What is Continental Tire the Americas L.L.C. doing to improve its fill rates, estimated at 45-55 percent depending on the tire, the company's vice president of sales and marketing asked rhetorically.
Based on the rumbling from the audience—dealers assembled at the company's annual Gold Dealer meeting April 1-5 at the Rose Hall Resort and Spa in Montego Bay—he clearly had hit a nerve.
Conti has taken some short-term actions over the past six months to reduce the product shortfall, which has affected the entire industry in North America, he said.
These actions include transferring some production to the company's plants in Europe and beefing up production at its factories in the Americas.
While these moves certainly will provide the company with more tires, Caldwell said later, he was reluctant to estimate how much because he didn't know what will happen with original equipment and replacement tire demand.
That's been the problem industrywide since the recession of 2009, when the tire industry reduced inventory en masse to cut costs.

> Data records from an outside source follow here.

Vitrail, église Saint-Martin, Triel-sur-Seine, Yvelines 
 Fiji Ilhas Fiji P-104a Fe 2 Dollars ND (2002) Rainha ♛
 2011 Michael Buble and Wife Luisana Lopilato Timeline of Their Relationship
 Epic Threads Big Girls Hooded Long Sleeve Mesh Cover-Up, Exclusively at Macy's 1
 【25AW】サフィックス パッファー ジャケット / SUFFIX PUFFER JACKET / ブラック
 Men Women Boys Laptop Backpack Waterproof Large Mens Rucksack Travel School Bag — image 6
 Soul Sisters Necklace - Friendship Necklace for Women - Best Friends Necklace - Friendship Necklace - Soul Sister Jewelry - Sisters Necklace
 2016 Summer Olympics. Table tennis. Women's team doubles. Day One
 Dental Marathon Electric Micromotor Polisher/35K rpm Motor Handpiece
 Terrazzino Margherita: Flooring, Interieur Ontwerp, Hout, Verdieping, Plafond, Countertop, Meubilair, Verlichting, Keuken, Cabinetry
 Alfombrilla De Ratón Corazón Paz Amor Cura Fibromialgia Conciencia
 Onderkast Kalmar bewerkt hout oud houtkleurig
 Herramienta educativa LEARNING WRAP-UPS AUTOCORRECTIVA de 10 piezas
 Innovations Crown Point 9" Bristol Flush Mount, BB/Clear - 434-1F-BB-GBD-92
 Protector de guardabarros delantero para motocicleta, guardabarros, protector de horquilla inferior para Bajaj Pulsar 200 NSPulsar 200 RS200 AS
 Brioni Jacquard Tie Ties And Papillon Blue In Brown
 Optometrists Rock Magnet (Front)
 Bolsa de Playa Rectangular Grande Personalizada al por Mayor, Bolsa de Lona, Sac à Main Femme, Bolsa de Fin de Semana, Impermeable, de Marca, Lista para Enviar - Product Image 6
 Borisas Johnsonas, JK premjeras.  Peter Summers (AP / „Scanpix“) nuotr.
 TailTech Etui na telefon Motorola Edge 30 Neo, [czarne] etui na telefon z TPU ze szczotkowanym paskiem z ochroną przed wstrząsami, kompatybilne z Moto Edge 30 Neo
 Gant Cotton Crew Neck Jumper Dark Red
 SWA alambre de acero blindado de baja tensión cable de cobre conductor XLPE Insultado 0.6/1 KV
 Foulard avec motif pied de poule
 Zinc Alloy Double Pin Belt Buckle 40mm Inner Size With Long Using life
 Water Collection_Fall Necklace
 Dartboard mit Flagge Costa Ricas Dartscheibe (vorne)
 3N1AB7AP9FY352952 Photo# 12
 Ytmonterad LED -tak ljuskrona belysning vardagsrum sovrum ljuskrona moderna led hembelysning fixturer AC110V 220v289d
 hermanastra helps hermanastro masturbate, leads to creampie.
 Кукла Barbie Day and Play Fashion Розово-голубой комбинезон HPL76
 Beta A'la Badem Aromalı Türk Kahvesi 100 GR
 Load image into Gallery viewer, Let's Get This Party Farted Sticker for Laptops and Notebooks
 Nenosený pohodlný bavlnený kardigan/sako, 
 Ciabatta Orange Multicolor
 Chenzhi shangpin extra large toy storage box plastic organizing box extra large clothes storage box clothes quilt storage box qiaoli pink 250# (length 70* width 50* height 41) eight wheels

Under normal conditions, tire manufacturers (those represented by the Rubber Manufacturers Association) keep an inventory of between 40 million and 50 million tires to fill customers' orders, Caldwell said. In 2009, that number fell to about 30 million, and it didn't change much in 2010 as demand rose higher than most anyone expected.
“We were not able to rebuild inventories on the manufacturers' side, which means fill rates and supply were tight the whole year,” he said.
This occurred even though the industry shipped 29.2 million more tires—or the equivalent of production from three tire plants—in 2010 than in 2009.
As a result, manufacturers' fill rates remain 25 percent below historical levels.
Taking action
To improve its supply of product in the U.S. market, Conti in August 2010 began transferring “a significant number of tires” back to parent company Continental A.G.'s factories in Europe, Caldwell said.
Dealers who carry the General Altimax RT or HP, for example, will start to see tires this year manufactured in Europe, either from Spain, Portugal or the Czech Republic, rather than made domestically.
“Our European production footprint is still really the strength of our company globally,” Caldwell said. “Seventy-five percent of the passenger and light truck tires that we sell are built in Europe. That's where the capacity lies. That's where our strength is, and that's where we have much more flexibility than we have in the local market from a manufacturing standpoint.”
The company began reaping the rewards of this move in the first quarter, he said.
Conti also has taken steps to enhance daily output at its plants in the Ameri¬cas—Camacari, Brazil; San Luis Potosi, Mexico, and Mount Vernon, Ill.—over the past two years.
The Mount Vernon plant will see the biggest increase in 2011, up 18 percent, Caldwell said, following a 7-percent jump in output in 2010, without giving any production numbers.
The plants in Brazil and Mexico will increase volumes 5 percent each in 2011, following jumps of 28 and 18 percent, respectively, in 2010.
“So additional supply is coming,” Caldwell said. “It's always a challenge because it's never enough. Sometimes I believe our demand is growing faster than our capacity is growing. But more tires will continue to come to you, and we'll chase like crazy your demand level to make sure we can improve fill as we move through the year.”
Big investment
Conti only recently disclosed $210 million in investments through 2015 at the Camacari plant to double output there to about 9 million car and 700,000 truck tires annually.
As for the company's Gold dealers, Caldwell said Conti will work with its Gold distributors to determine how best to use the product it does have. “And our intention is to focus as much of that product as possible to Gold dealers,” he said.
Still, that probably will not be enough, he said, and Conti will continue to keep pushing forward with capacity investments, spending 15 percent more corporatewide in 2011 than it did in 2010 on passenger and light truck tire capacity.
“Our investment in passenger and light truck tire capacity will be higher than it has been in the history of Continental Tire on a global basis,” Caldwell said.
Conti also is benefiting from an increased priority within the corporation for capital expenditures on tire capacity.
While Hanover, Germany-based Continental has a lot of divisions that are not tire related, all of them are fighting for capital funding, he said.
“But what we see in the numbers is that more and more of the overall investments of the company in capacity are coming toward passenger and light truck tires versus other areas of the company, and that's great news for all of us.”